In 2018, Aribam was selected for the inaugural cohort of the prestigious VVEngage Fellowship. VVEngage Fellowship is a Vital Voices programme that focuses on advancing women's public leadership. VVEngage Fellows participate in a rigorous online and in-person training, connecting with a global network of peers and mentors. During the programme, she received mentorship from former prime ministers Beatriz Merino of Peru, Jenny Shipley of New Zealand, and Kim Campbell of Canada. Professors of Harvard Kennedy School, amongst others, trained Aribam during the fellowship.

=== Vogue India Beauty Feature ===
For its 2020 anniversary issue, Vogue India featured 7 women from North-East India in its beauty edit. Aribam shared her beauty rituals and secret. She said, "In my experience, the one ‘beauty tool’ that you can never go wrong with is self-confidence. So wear it always".

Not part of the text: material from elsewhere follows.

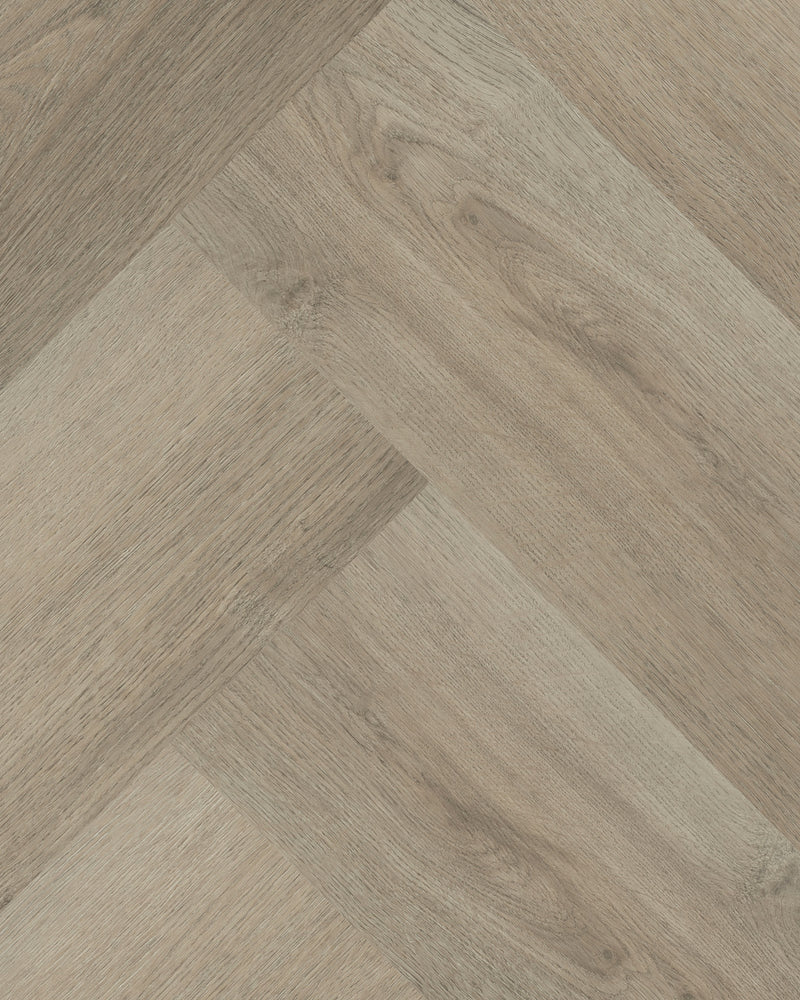 Staal van Hebeta Charente Visgraat XL 57747 - Rigid Klik PVC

=== ACYPL-US State Department Exchange Delegate ===
Aribam was selected as a delegate for the American Council of Young Political Leaders Exchange Program in collaboration with the United States government's State Department. In January–February 2020, she observed election rallies of two presidential candidates including that of Joe Biden, observed a caucus in Iowa, and was introduced in the Iowa Senate.

=== Top 10 Successful Indians Under 30 ===
In 2018, Aribam was featured by Eastern Eye, a British newspaper, as amongst the top 10 successful Indians under 30.

=== Women from the Northeast ===
SheThePeopleTv included Aribam in a list of seven women which the north-eastern region of India is proud of.